El miércoles 26 de octubre de 1927 los canillitas vocearon en la Ciudad de Buenos Aires la noticia de la tragedia. El diario LA NACIÓN había sido el único en dar la primicia, tras un demorado cierre de edición en el que se pararon las rotativas, pasada la medianoche, cuando llegó un escueto cable procedente desde Río de Janeiro: «El Principessa Mafalda naufragó cerca de Bahía».
No hubo entonces ni después noticias sobre el misterioso destino de las 250.000 liras en monedas oro que debía recibir el gobierno argentino.
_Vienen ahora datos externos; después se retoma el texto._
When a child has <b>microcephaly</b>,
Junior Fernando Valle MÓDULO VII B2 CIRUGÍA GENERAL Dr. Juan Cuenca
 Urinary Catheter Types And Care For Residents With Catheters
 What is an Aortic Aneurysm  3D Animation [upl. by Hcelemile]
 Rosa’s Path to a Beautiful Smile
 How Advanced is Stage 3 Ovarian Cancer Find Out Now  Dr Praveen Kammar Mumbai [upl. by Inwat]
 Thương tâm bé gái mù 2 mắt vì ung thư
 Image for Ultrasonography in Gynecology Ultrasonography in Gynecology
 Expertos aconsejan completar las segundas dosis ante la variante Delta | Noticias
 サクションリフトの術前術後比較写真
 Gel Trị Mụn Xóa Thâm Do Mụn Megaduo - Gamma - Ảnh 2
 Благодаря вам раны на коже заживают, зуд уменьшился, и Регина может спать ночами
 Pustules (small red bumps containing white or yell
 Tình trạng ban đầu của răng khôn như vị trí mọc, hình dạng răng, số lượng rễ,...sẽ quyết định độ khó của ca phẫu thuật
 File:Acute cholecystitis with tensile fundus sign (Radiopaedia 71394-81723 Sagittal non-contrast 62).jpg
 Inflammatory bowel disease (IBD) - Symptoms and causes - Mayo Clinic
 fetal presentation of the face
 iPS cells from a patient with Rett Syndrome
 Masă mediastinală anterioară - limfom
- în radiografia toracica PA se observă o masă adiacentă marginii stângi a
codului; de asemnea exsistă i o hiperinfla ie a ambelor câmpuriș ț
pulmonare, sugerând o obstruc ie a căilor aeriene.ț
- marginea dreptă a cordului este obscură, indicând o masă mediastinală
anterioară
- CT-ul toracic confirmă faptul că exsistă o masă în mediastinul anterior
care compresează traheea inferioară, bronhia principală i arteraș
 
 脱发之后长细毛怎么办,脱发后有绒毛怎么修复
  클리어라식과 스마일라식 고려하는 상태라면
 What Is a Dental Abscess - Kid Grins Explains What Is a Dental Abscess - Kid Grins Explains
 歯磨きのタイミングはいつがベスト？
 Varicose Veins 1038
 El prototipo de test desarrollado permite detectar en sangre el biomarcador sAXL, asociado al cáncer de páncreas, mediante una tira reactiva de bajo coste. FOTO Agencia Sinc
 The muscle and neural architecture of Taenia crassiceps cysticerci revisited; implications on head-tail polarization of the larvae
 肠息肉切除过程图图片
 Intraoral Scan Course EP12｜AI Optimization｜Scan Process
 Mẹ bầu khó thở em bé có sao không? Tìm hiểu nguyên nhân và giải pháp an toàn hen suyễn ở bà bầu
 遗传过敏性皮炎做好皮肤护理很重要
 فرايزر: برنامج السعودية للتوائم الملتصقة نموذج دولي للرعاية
Ese mismo día, cuando el mundo se estremeció con el episodio al que bautizaron como «Titanic de Sudamérica», a las 10.30 de la mañana en la Dársena Norte, Carlos Gardel abordaba el transatlántico Conte Verde que lo llevará a Barcelona, cuenta Norberto Chab en Gardel, el mito criollo de todos los tiempos (2011).
El cantor de Buenos Aires había viajado en el Principessa Mafalda dos años antes, conocía al comandante Simone Gulì y a varios de sus tripulantes y ahora le tocaba pasar por el mismo lugar donde, hacía pocas horas, cientos de ancianos, mujeres y niños habían sido devorados por los tiburones.
“¿Vos sabés lo que es llegar con náufragos y entender desgracias todo el camino?”, contó Gardel una vez que arribó a España. “La tripulación se salvó, pero el pobre pasaje: ¡qué pena!”.
“Si hubieras visto a un compatriota mío llorar en Montevideo y gritar como un loco... ¡Andate, qué bromas tiene el mar! Fue una cosa de pena, de dolor; y cuando pasamos por delante del naufragio, los pasajeros echaron una corona al mar en honor a las víctimas. Fue trágico, doloroso”.